**** AVAILABLE DATA

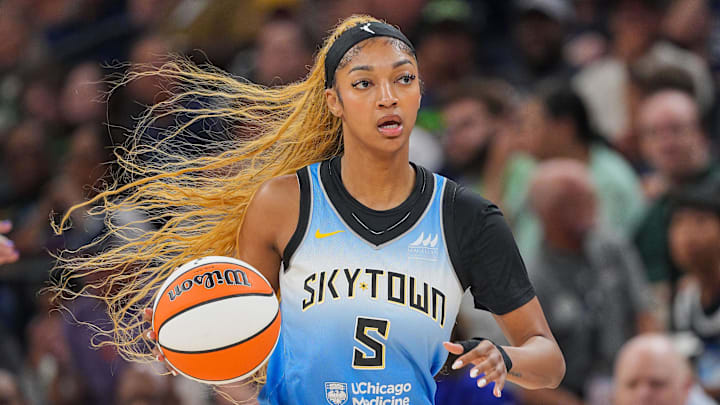 Jul 22, 2025; Minneapolis, Minnesota, USA; Chicago Sky forward Angel Reese (5) dribbles against the Minnesota Lynx in the first quarter at Target Center. Mandatory Credit: Brad Rempel-Imagn Images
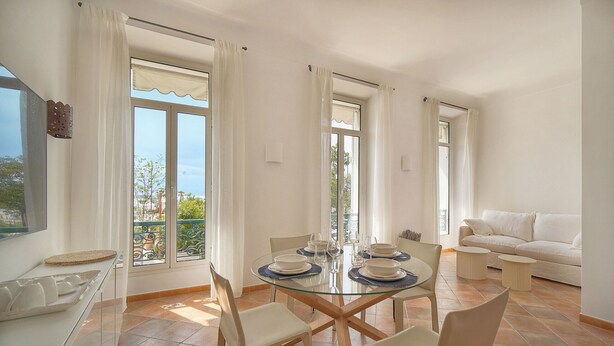 Un comedor con una mesa de vidrio, sillas y un sofá.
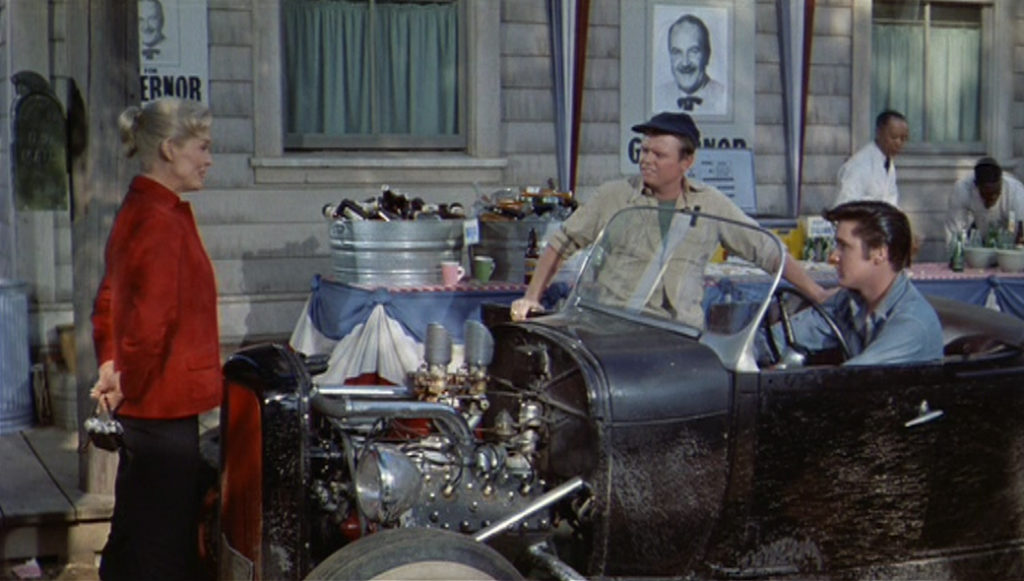 Elvis driving a hot rod in the movie Loving You 1957, a still from the movie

********

* [TASK DESCRIPTION]
The whole listing above must be set down again exactly, but without its images.

* [EXERCISE OUTPUT]
 Jul 22, 2025; Minneapolis, Minnesota, USA; Chicago Sky forward Angel Reese (5) dribbles against the Minnesota Lynx in the first quarter at Target Center. Mandatory Credit: Brad Rempel-Imagn Images
 Un comedor con una mesa de vidrio, sillas y un sofá.
 Elvis driving a hot rod in the movie Loving You 1957, a still from the movie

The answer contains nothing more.